Yetunde Sanni, Nadayar Enegesi (standing), Kosi Anyanwu, and other participants of Andela’s female-only Boot Camp.
photo by Mohini Ufeli
Chibuzor Obiora was an out-of-work TV news anchor in Lagos, Nigeria when he came across a curious link on Twitter: a company was offering money to people willing to take a course in computer programming.
For Obiora, it sounded too good to be true. “I was always interested in learning [to code] because of the problem solving aspect of it,” he says, “and here was a firm that promised to pay you to learn.” But it turned out to be a very real opportunity.
The company is called Andela. It’s based in New York City, and it pays Nigerians to learn programming skills before putting them to work on projects that serve businesses back in the States. After about four months of training, Obiora now works under Andela as a web development contractor for an (unnamed) U.S. based organization—all without leaving Nigeria.
The ultimate aim is to tap the vast pool of talent found in countries that aren’t exactly known as technology hubs, including not only Nigeria but other parts of Africa. “We know that brilliance is relatively evenly distributed across the human population,” says Andela co-founder Jeremy Johnson. “In terms of pure aptitude, there are genius level people across the world. But what there’s not is equal opportunity.”
‘WE KNOW THAT BRILLIANCE IS RELATIVELY EVENLY DISTRIBUTED ACROSS THE HUMAN POPULATION’
Today, U.S. tech companies aren’t shy about saying they have trouble finding programming talent. Critics argue this talent shortage has more to do with stinginess and selective hiring practices than a real lack of qualified programmers, but regardless of the reasons, the need is there. As a result, a new wave of services are working to train enormous numbers of new programmers.
The operations range from online tutorial services like Codecademy to the dozens of “code bootcamps” that promise to get people job-ready in a matter of months. Andela puts a new twist on the bootcamp idea by moving them overseas—and paying people to participate.
Johnson, who previously founded the online education company 2U, launched Andela earlier this year, alongside Christina Sass, who has a background in non-government organizations, Iyinoluwa Aboyeji, a Nigerian entrepreneur who previously co-founded the online education companies Bookneto and Fora, and Ian Carnevale, who was also a co-founder of Fora.

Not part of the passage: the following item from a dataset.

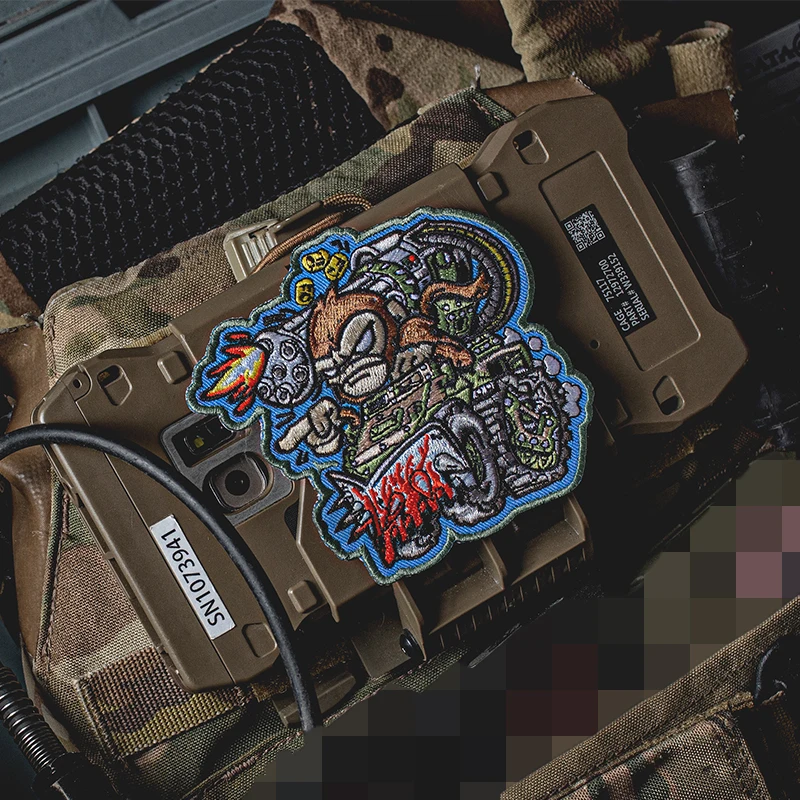 Parche bordado táctico, Robot de guerra, diseño de mono, brazalete Firepower Drive para ropa, mochila, chaleco, decoración - imagen 2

Blessing Orazulume and other participants of Andela’s female-only Boot Camp.
photo by Mohini Ufeli
To find good students, Andela gives people like Obiora an online aptitude test that gauges their reasoning and logic skills. Then it interviews the top 10 percent, accessing their “soft skills,” such as interpersonal communication. Those that pass this phase go on to a several-month training program, not unlike the code bootcamps in the U.S. But not many make it this far. “It’s the most selective training program on the African continent,” Johnson boasts, saying the company only accepts about 0.8 percent of applicants.
Those who are accepted get access to educational resources that are scarce in Nigeria. One student, Tolulope Komolafe, says her computer science courses in university didn’t involve any actual programming. The teachers just wrote code on a chalk board. “During the first two weeks of training I discovered that I actually knew nothing about coding,” she says.
The Guild Analogy
Students who finish at least 1,000 hours of training are then eligible to work as web developers for Andela’s clients, but they continue to learn new skills. Johnson says most students will spend about two-thirds of their time working for clients, and the remaining time on education. All told, both the students and staff work about sixty hours a week.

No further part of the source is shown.